## WHAT YOU NEED TO DO
Output exactly the lines that come between the start of the material and the line containing "Women's navy waterproof", both ends included, with the pictures omitted.

··· GIVEN RECORDS ···

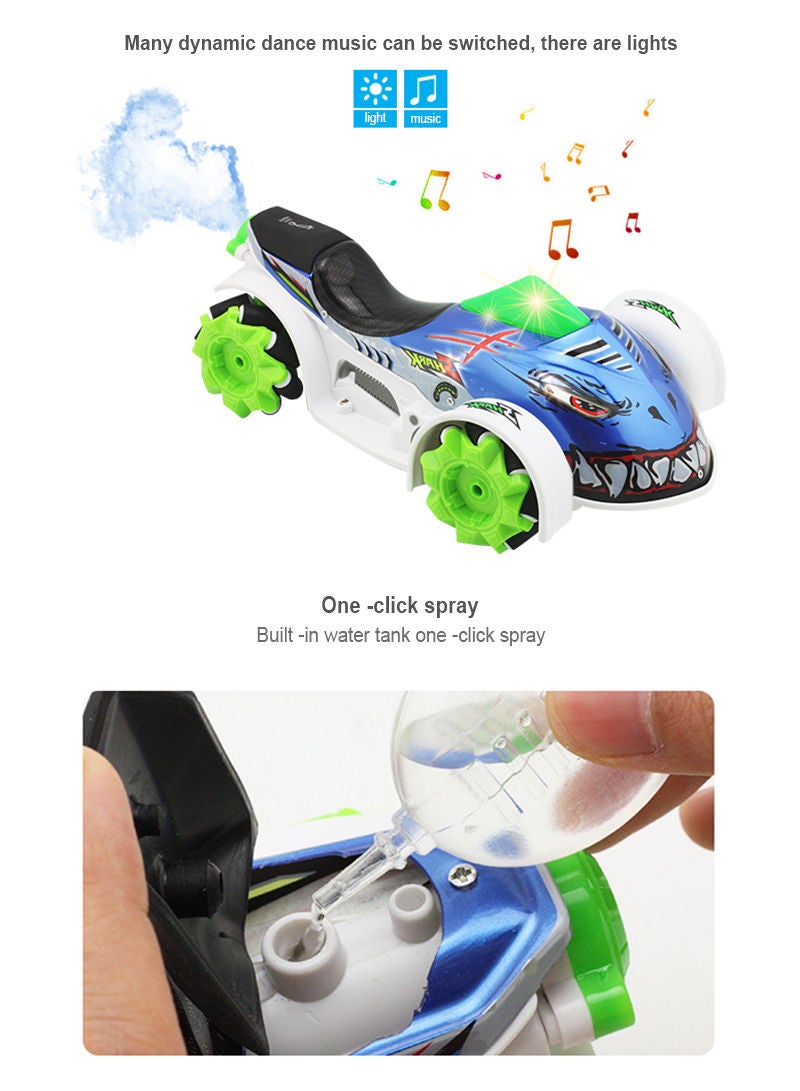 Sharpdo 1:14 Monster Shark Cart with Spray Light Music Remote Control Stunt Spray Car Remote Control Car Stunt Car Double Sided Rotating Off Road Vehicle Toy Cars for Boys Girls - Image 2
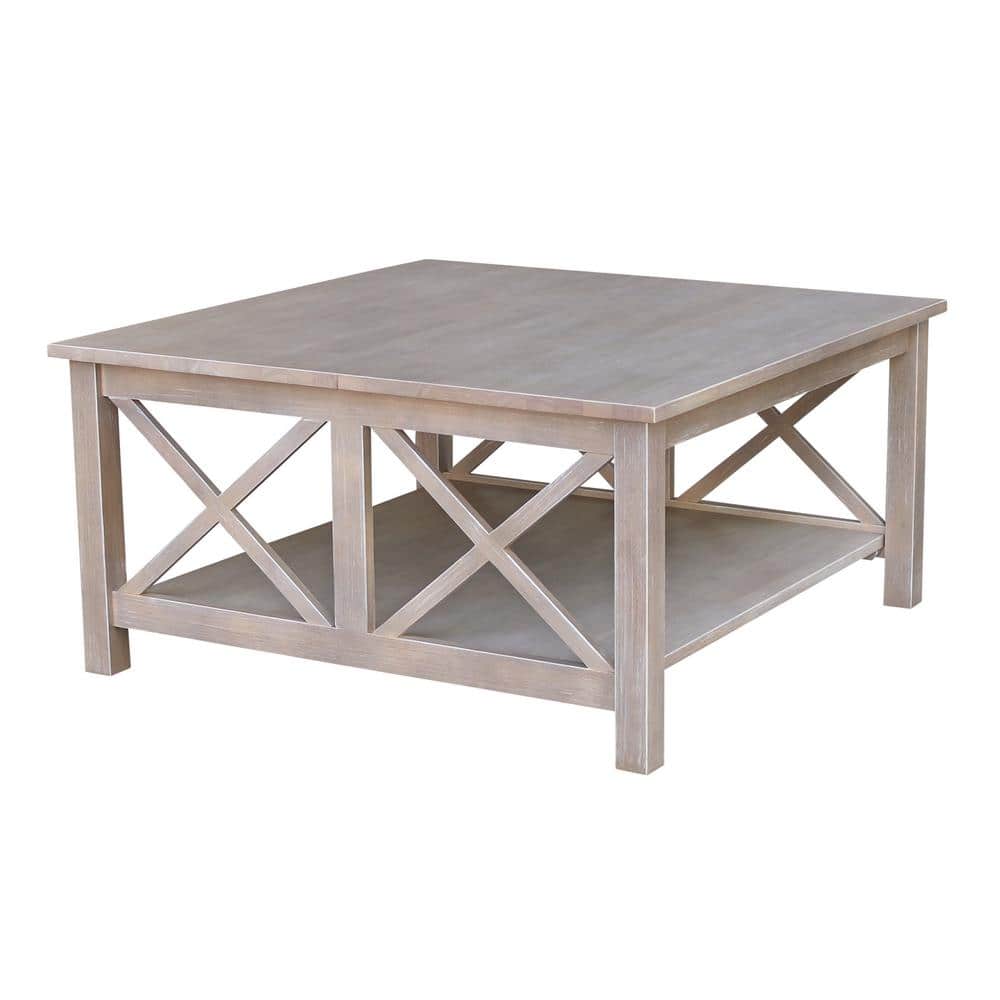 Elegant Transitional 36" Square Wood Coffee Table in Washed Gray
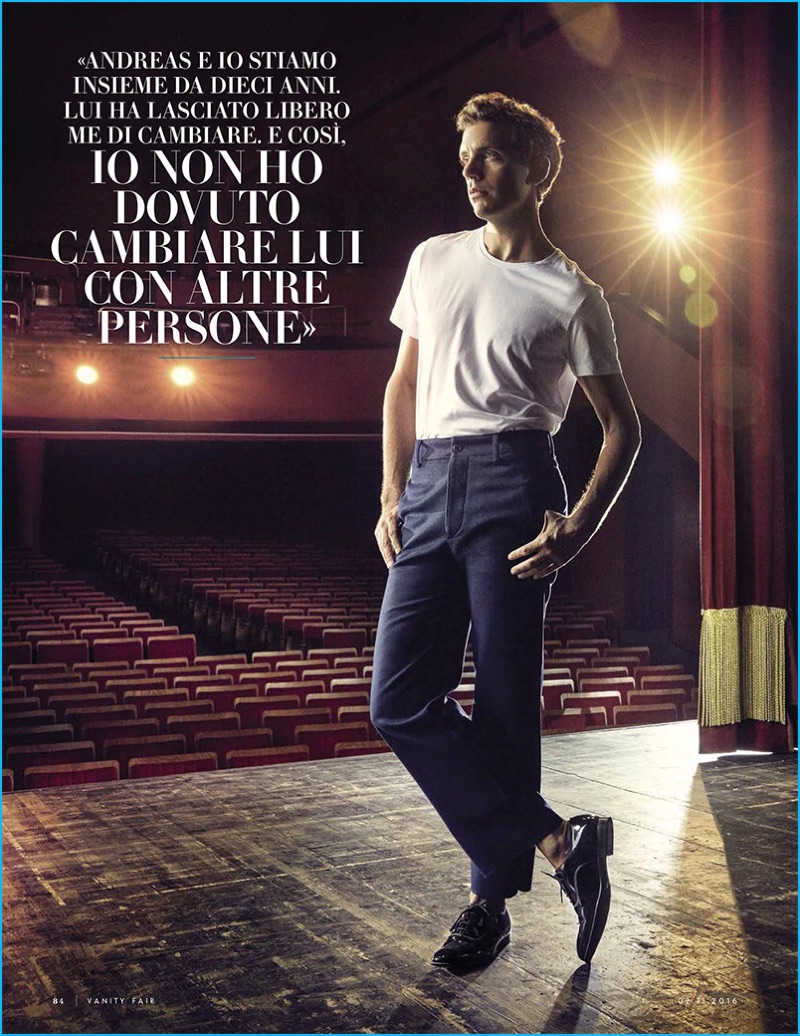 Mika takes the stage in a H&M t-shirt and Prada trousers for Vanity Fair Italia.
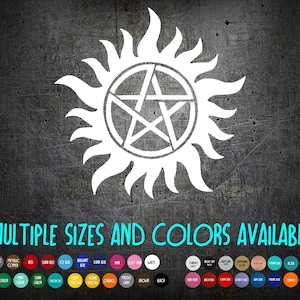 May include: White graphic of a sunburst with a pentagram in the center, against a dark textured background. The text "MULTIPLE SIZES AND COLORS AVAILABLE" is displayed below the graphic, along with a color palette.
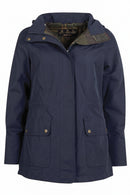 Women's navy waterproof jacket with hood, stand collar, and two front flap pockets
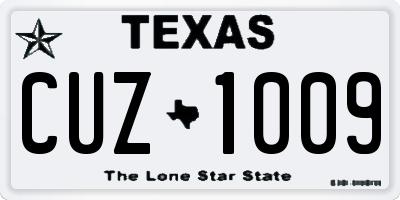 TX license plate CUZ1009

···

## OUTPUT FOR THIS EXERCISE
 Sharpdo 1:14 Monster Shark Cart with Spray Light Music Remote Control Stunt Spray Car Remote Control Car Stunt Car Double Sided Rotating Off Road Vehicle Toy Cars for Boys Girls - Image 2
 Elegant Transitional 36" Square Wood Coffee Table in Washed Gray
 Mika takes the stage in a H&M t-shirt and Prada trousers for Vanity Fair Italia.
 May include: White graphic of a sunburst with a pentagram in the center, against a dark textured background. The text "MULTIPLE SIZES AND COLORS AVAILABLE" is displayed below the graphic, along with a color palette.
 Women's navy waterproof jacket with hood, stand collar, and two front flap pockets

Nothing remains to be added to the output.